D. Letters From America, with lyrics including “Here in Anatevka, 90 percent are behind in the rent and we’re hungry to a man./Once a Rothschild saw our town, crossed himself and ran.”
E. We’ve Never Missed a Sabbath Yet, with lyrics including “Somehow the house will be clean, floors will be swept, soup will be cooked, beef will be boiled./Oh, there’s noodles to make and chicken to be plucked and liver to be chopped and challah to be baked./A race with the sun, so at the proper time the candles can be lit and blessed.”
Muhammad Ali, RIP
The world is mourning the passing of boxing champion Muhammad Ali. Some years ago, Ali made an appearance at Congregation Rodeph Shalom in Philadelphia. What was the reason for his visit?
Muhammad Ali-1 by Aymen Tanazefti is licensed under CC BY-ND 2.0.
A. He was in attendance at the aufruf of his daughter Khaliah in 1997, prior to her marriage to Spencer Wertheimer.
B. He attended the funeral of Howard Cosell in 1995. Ali spoke at the ceremony, saying, “I am the world’s greatest boxer, but Howard Cosell was the world’s greater promoter of boxing. Shalom, Howard.”
C. He was in attendance at his grandson Jacob’s bar mitzvah in 2012.
D. In 2013, Ali was the honorary referee at a charity boxing match at the synagogue, pitting Israeli World Boxing Association welterweight champion Yuri Foreman against New Jersey boxer Dustin “The White Tiger” Fleischer, who wears the Chai once owned by his grandfather, a Holocaust survivor.

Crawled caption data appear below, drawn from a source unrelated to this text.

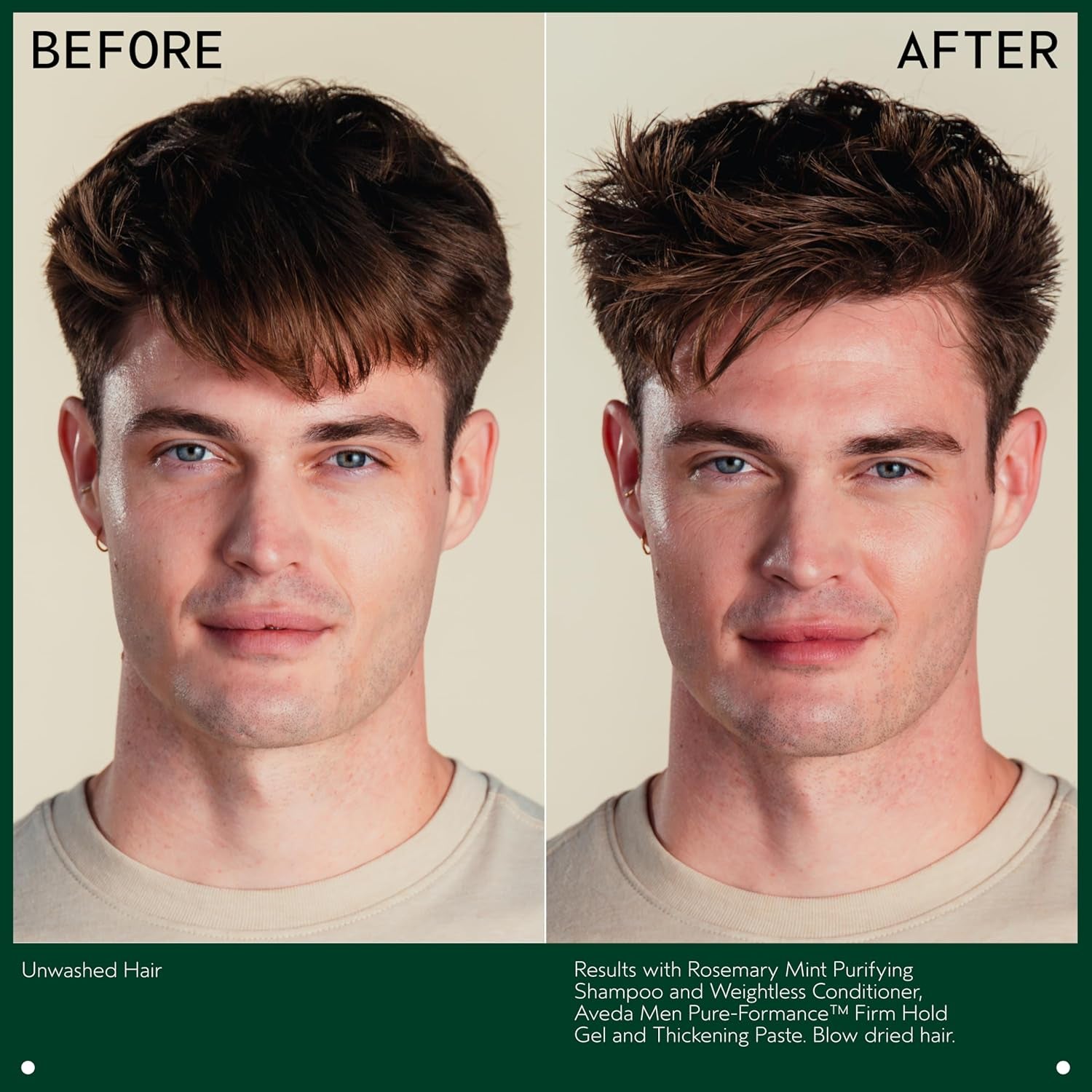 Men Pure-Formance Firm Hold Hair Gel for Men | Maximum Hold, Control, Shine | 93% Naturally Derived*, 5 Fl Oz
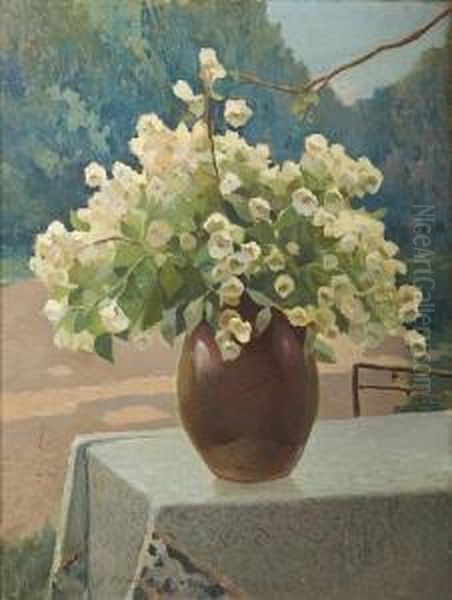 A Still Lifewith Flowers In A Vase - view 1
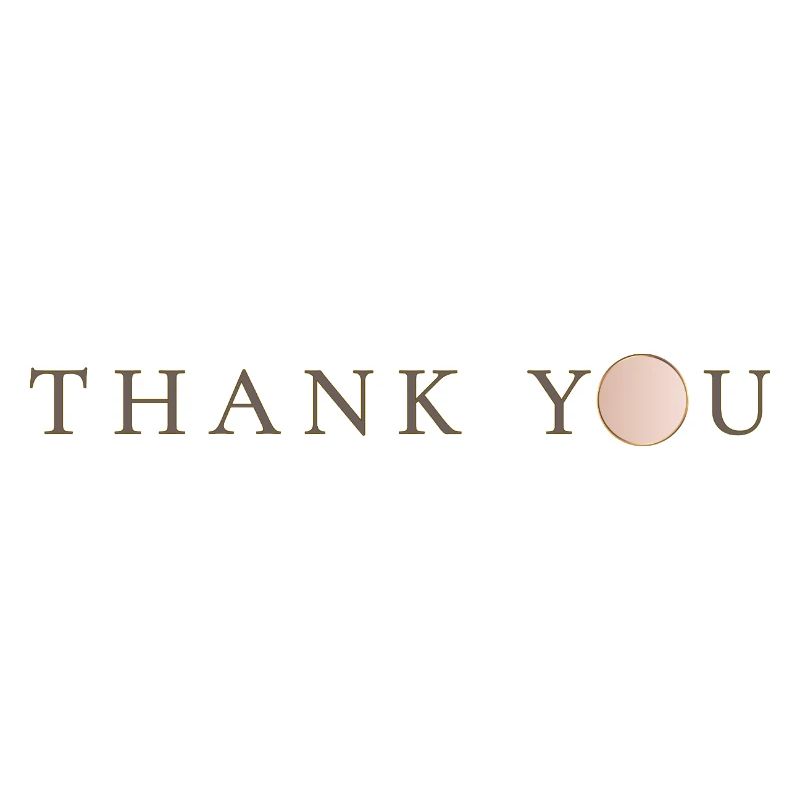 Message JUST THANK YOU as gratitude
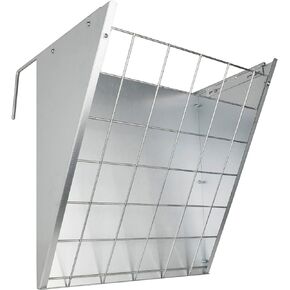 وحدة تغذية القش المعلقة من الفولاذ المجلفن من Solution4Patio، وحدة تغذية ذات سعة كبيرة للخدمة الشاقة مع خطافات قابلة للتعديل تناسب مختلف الأكشاك والحظائر، وحدة تغذية القش للماعز والأغنام والحصان #B806A01-US2 in Kuwait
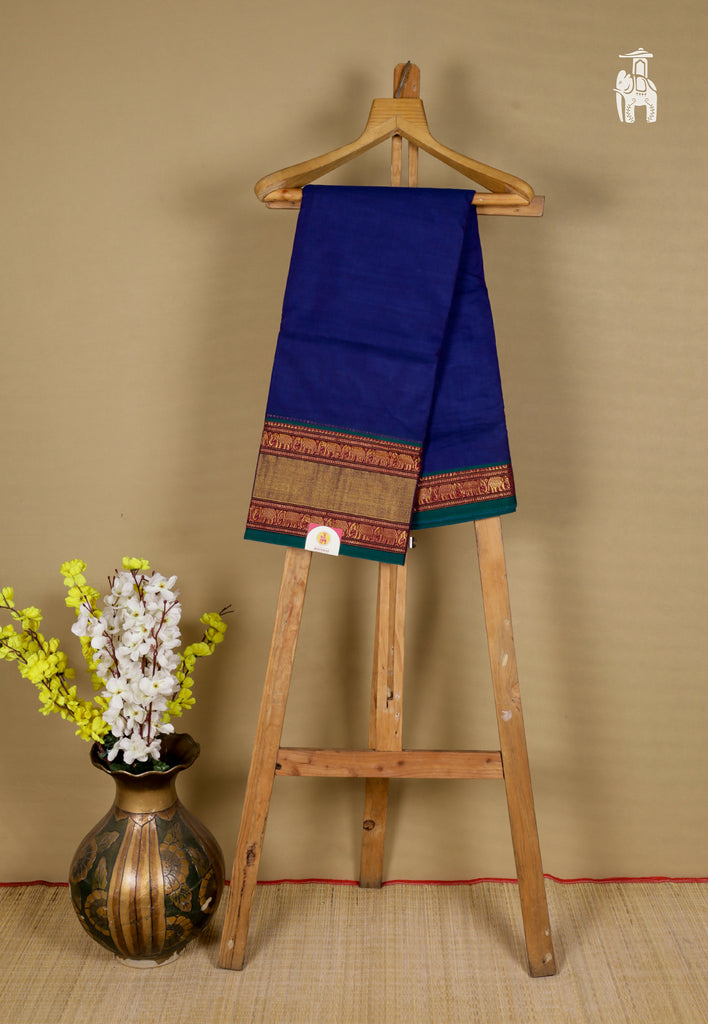 Indigo Blue Narayanpet Cotton Saree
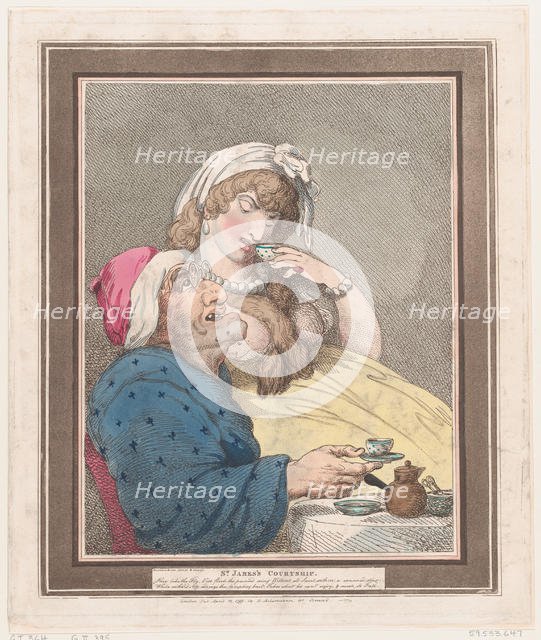 St James's Courtship, April 10, 1799., April 10, 1799. Creator: Thomas Rowlandson.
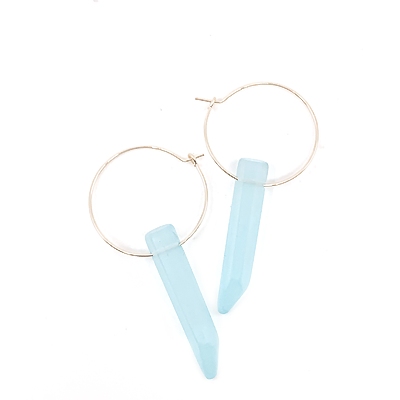 Mineral and Matter Glass Point Hoop Earrings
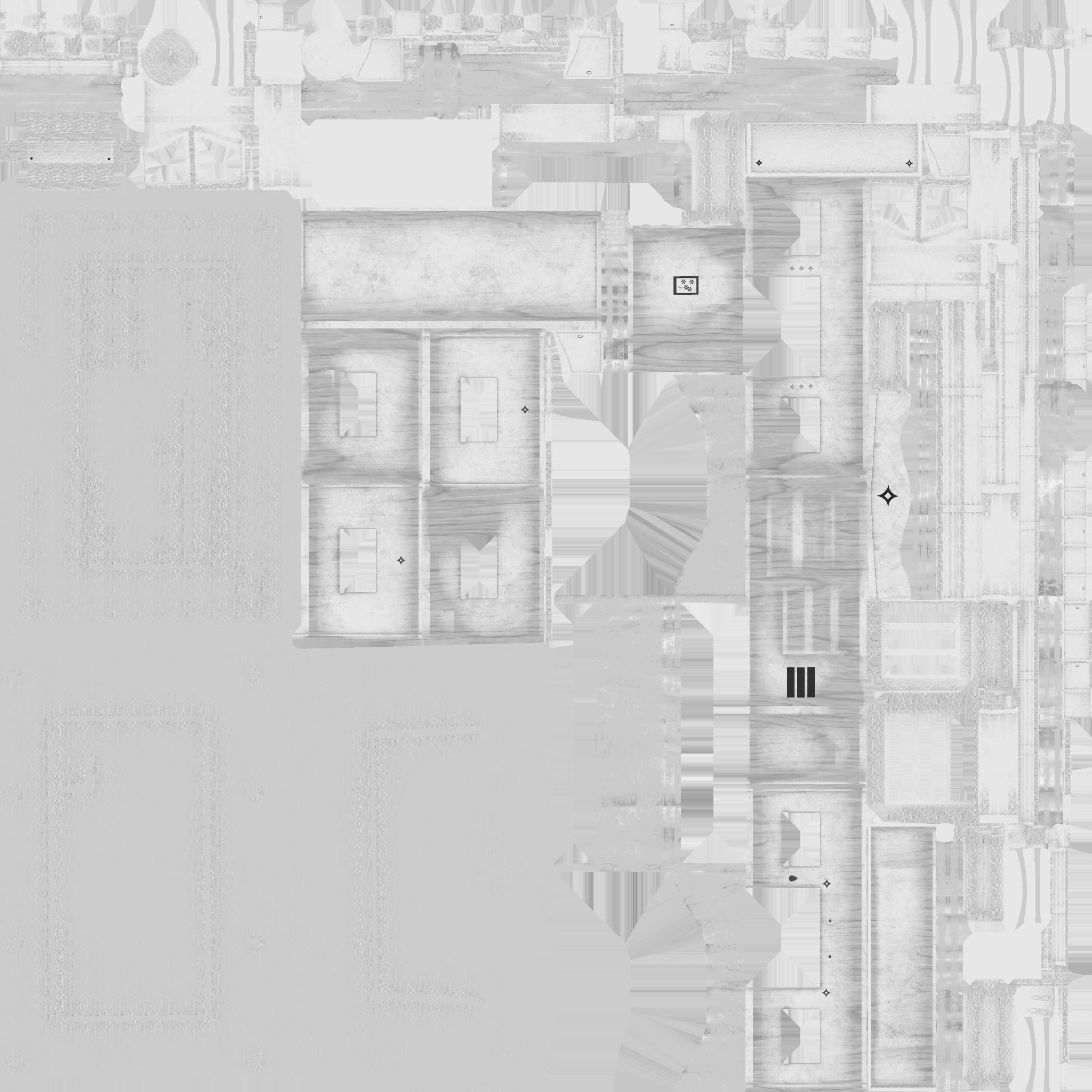 Western Saloon - Old West Scene Asset - Backdrop Full Perm Low-poly 3D model_17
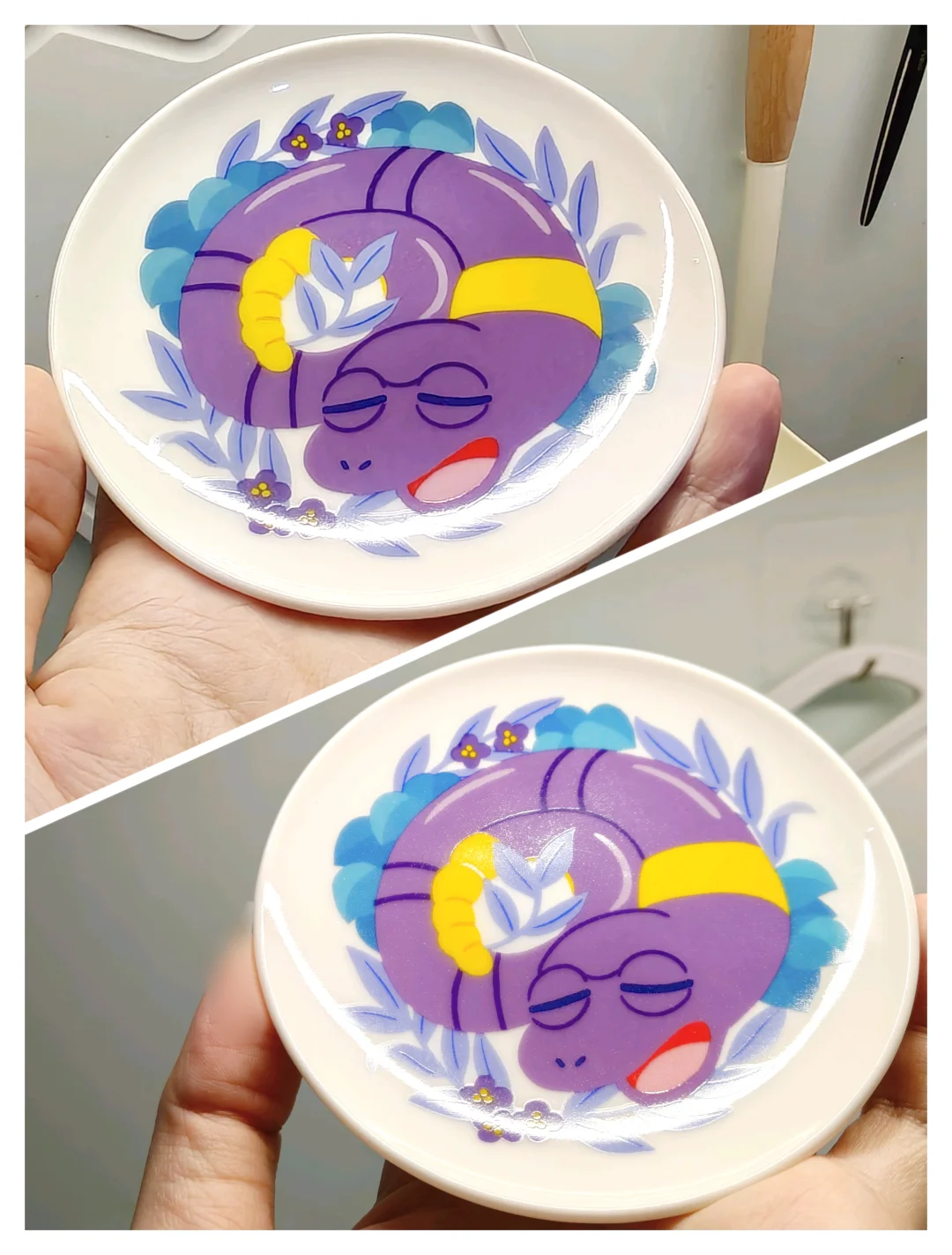 ✨?小蛇好可爱啊！好喜欢??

E. Ali was born a Baptist, and later converted to Islam. But in 2010 he converted once again, to Judaism, in a ceremony at Rodeph Shalom. Said Ali at the time, “I changed my name from Cassius Clay to Muhammad Ali because Cassius Clay was a slave name. But now I am changing my name to Moses Ali-yah. Moses was also a slave, but he became free and made Ali-yah to Israel, so I am honoring him. Now let’s go to the kiddush and get lunch. I hear it floats like a matzah ball and stinks like a kishke.”